___ Dataset excerpt

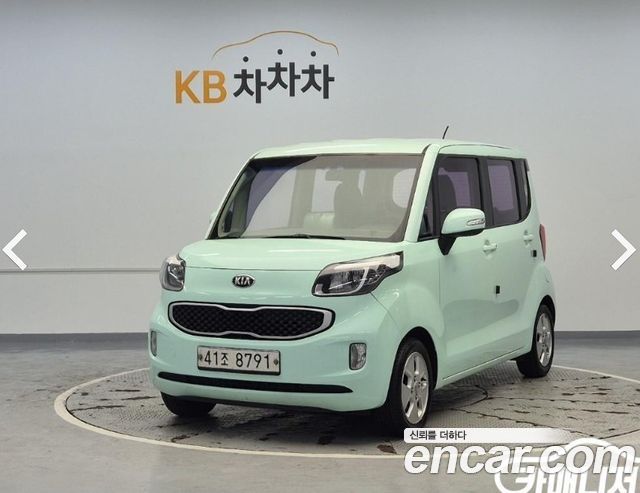 Kia RAY 2013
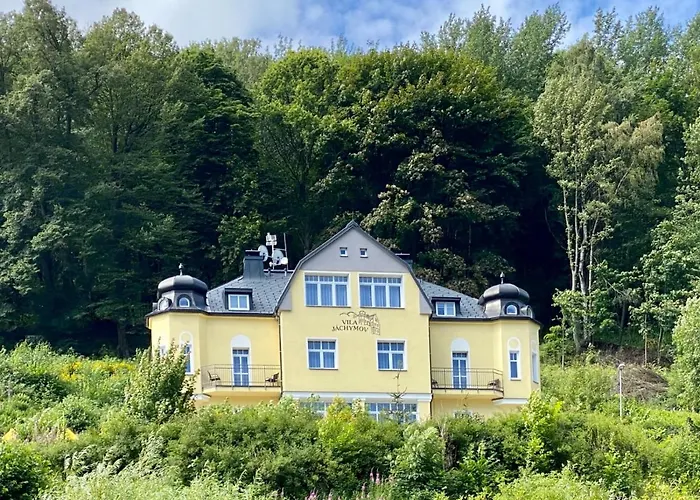 Vila Jachymov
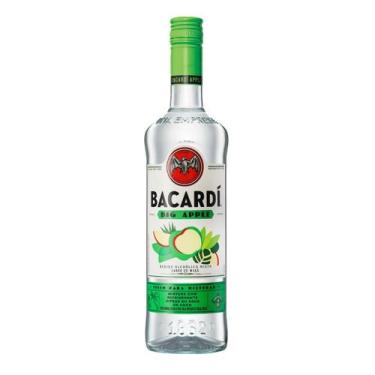 Imagem de Rum Bacardí Big Apple Garrafa 700ml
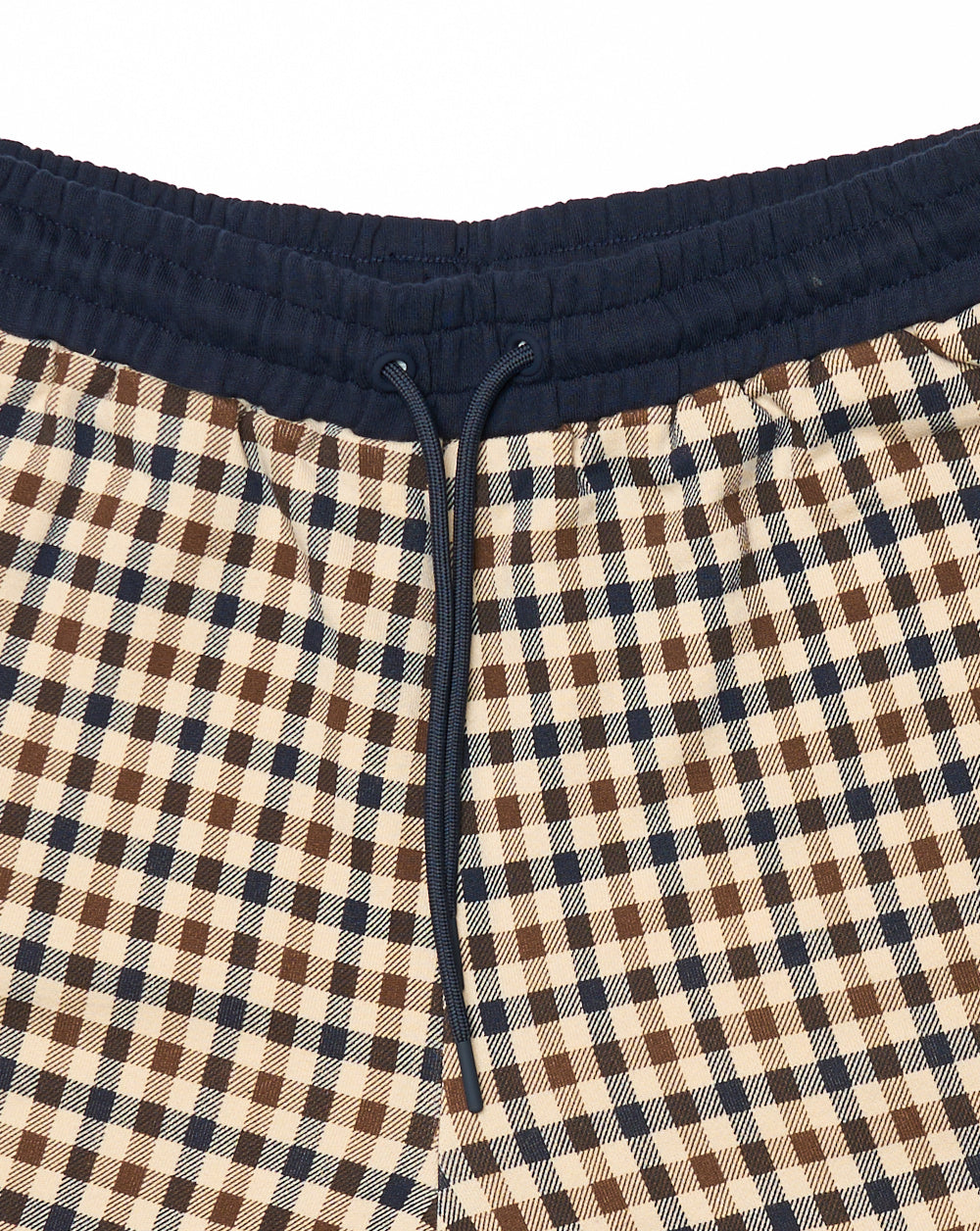 Aquascutum Club Check Shorts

______

Each line of the data above must be repeated exactly, images excluded.

 Kia RAY 2013
 Vila Jachymov
 Imagem de Rum Bacardí Big Apple Garrafa 700ml
 Aquascutum Club Check Shorts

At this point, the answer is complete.